Palesa wanted to be the first woman in her family to go to university. She wanted to prove there was more to her than a girl who had made some bad choices. She gave birth to Lwazi on a Friday and was back at school on Monday to write her first exam – which she passed.
“I was determined to accomplish everything I had set for myself,” she says. After matriculating she studied sports management at the University of Johannesburg and discovered her passion for radio when she started hosting weekend shows at a local station, West Side FM.

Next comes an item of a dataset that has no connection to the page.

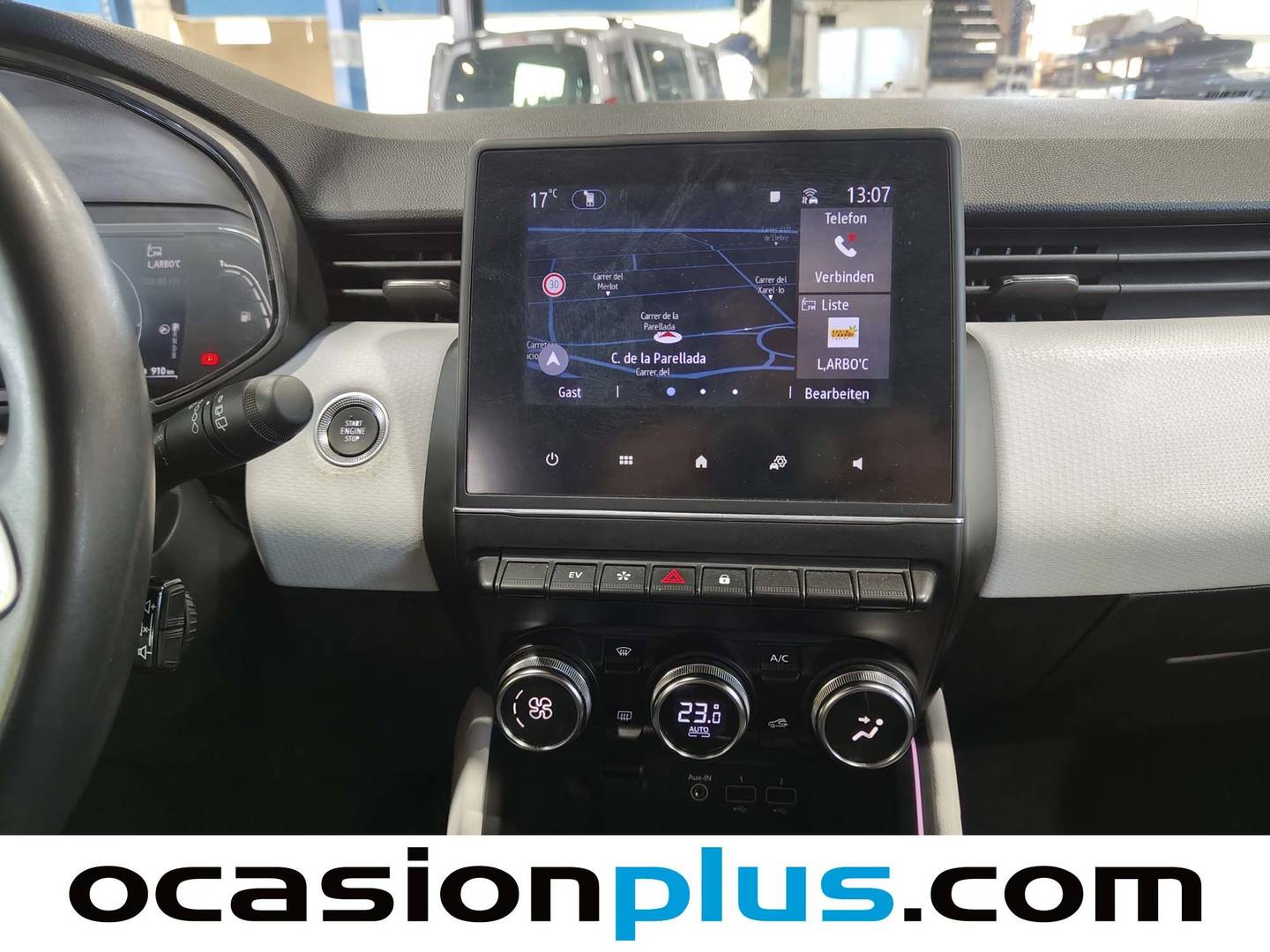 Renault Clio Renault Clio Techno E-Tech Híbrido (140 CV) 2023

She then applied for an internship at YFM and a few years later received a bursary to study at the Wits Radio Academy in 2015. After receiving a post-graduate certificate in radio presenting, she joined Vow FM (Voice of Wits) where she currently hosts a talk show, The Love Shack.

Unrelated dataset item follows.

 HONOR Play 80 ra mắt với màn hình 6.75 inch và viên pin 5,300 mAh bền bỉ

“We have conversations about life, love and sexuality,” she says.
Her son, however, remains her first priority. One of Palesa’s rewards after winning a challenge on Survivor was a letter from Lwazi that brought her to tears.
He told his mom how proud he is of her and how much he’s rooting for her.
He also told her he’d be going to prefects’ camp as he had been chosen to be prefect in Grade 7.
“And it wasn’t just that. Even if he had just scribbled on that piece of paper, I’d have had the same reaction because that letter came at the perfect time. Just to know that I was loved and had something going for me was amazing. After that, it didn’t matter what anyone would do or say to me because I got the extra boost I needed.
“Before the letter arrived, I’d prayed for strength and God heard my prayer.”
Palesa’s passion for life has been motivated by a story her mother, Thenjiwe (59), often told her about her birth.
“I was born four months early. I wasn’t supposed to live, but I did. That motivated me to live my life to the fullest and not limit myself or my dreams.”
Her decision to enter Survivor SA was a spontaneous one, she adds.
“I was at work on my computer when I saw the ad pop up. I thought I should enter because I’ve watched the show and it’s a great challenge, mentally and physically. So I grabbed my phone and made a 30-second video,” she says.
She made it through all the auditions and when she was told she would be going to the Philippines she started preparing herself. She didn’t spend hours in the gym or learn survival skills, she says – instead, she prepared herself mentally.
“Because I didn’t really know what to expect, I trained my mind to focus on the positive aspects of the situation and focus on the outcome, the end goal.”
She ate a little more than usual before departing, because she knew she’d be hungry most of her time on the island and “gave in to all my cravings”.
She speaks fondly of fellow contestant Vusi Mafulela, who was a rock for her.
“It was comforting to know that amid the backstabbing and manipulation I could rely on Vusi. I could go to him when I was feeling down and he would motivate me to keep going,” she says.
Tom, her frenemy – and sometimes outright enemy – has also earned her respect.
“I have so much respect for him because, say whatever you want about the guy, he knows how to survive. We had a lot of run-ins, to say the least, because we both have very strong personalities.”
And even though Survivor is just a game, “once you’re there, it’s your world and your life in the game feels like your own life. So naturally, when it’s being threatened, you react like you would in an extreme situation.”